What you give back should be only the lines from the one holding "Etagenbett - 90x200" through the final line of the records, each reproduced exactly.

Caption-style text data
[Start of Attachment]
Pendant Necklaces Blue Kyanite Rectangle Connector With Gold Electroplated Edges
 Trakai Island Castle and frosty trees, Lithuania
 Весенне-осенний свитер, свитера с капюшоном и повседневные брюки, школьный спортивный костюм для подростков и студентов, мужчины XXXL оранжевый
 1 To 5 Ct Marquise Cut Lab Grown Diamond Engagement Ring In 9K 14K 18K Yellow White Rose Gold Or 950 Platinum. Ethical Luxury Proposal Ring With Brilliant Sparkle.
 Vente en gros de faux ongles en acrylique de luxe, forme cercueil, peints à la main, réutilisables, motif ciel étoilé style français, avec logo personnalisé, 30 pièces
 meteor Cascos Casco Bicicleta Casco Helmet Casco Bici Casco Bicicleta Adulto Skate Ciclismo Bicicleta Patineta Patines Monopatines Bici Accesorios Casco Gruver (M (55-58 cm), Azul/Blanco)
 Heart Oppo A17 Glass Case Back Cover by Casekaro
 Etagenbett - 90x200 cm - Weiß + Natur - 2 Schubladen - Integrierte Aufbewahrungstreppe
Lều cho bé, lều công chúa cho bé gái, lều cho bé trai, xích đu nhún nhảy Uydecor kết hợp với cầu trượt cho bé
[End of Attachment]
RESULT BELOW:
 Etagenbett - 90x200 cm - Weiß + Natur - 2 Schubladen - Integrierte Aufbewahrungstreppe
Lều cho bé, lều công chúa cho bé gái, lều cho bé trai, xích đu nhún nhảy Uydecor kết hợp với cầu trượt cho bé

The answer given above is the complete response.